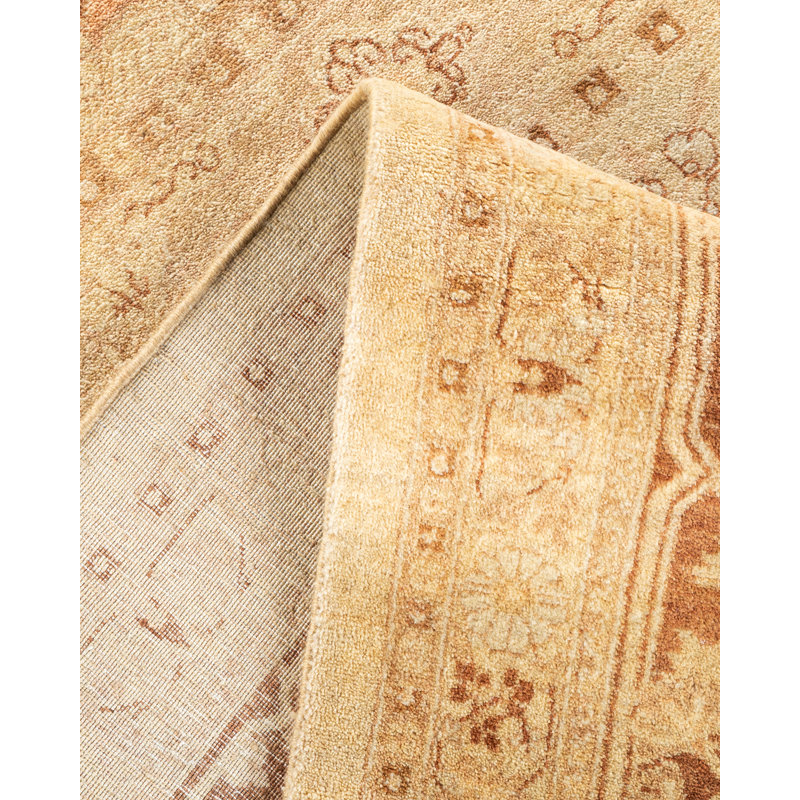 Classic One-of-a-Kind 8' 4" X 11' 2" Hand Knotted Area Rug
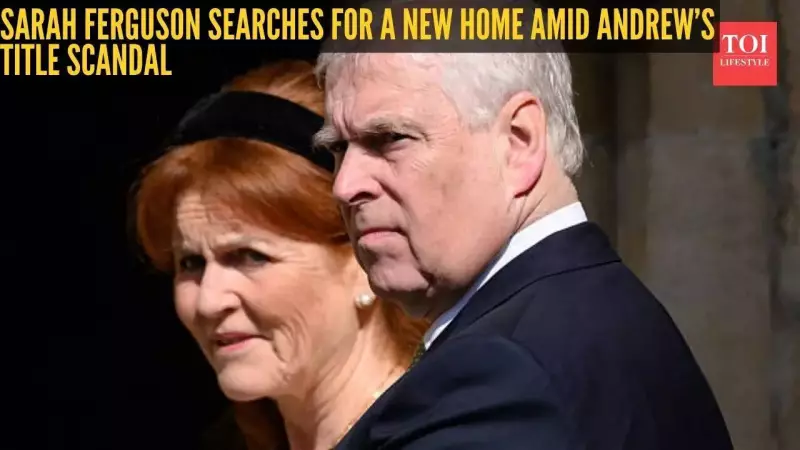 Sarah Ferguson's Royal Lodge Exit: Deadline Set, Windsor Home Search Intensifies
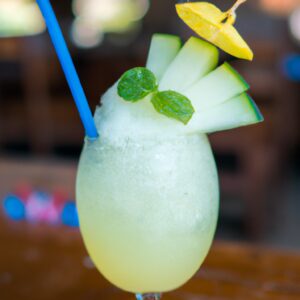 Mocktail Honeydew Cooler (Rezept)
____
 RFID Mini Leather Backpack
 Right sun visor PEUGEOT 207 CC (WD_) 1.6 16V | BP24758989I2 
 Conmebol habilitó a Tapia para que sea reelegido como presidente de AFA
____
DIRECTIONS FOR THIS TASK — Return the material from the line containing "Sarah Ferguson's Royal" through the line containing "Mocktail Honeydew Cooler (Rezept)", exactly and in full, but without its pictures.

SOLUTION TO THIS EXERCISE —
 Sarah Ferguson's Royal Lodge Exit: Deadline Set, Windsor Home Search Intensifies
 Mocktail Honeydew Cooler (Rezept)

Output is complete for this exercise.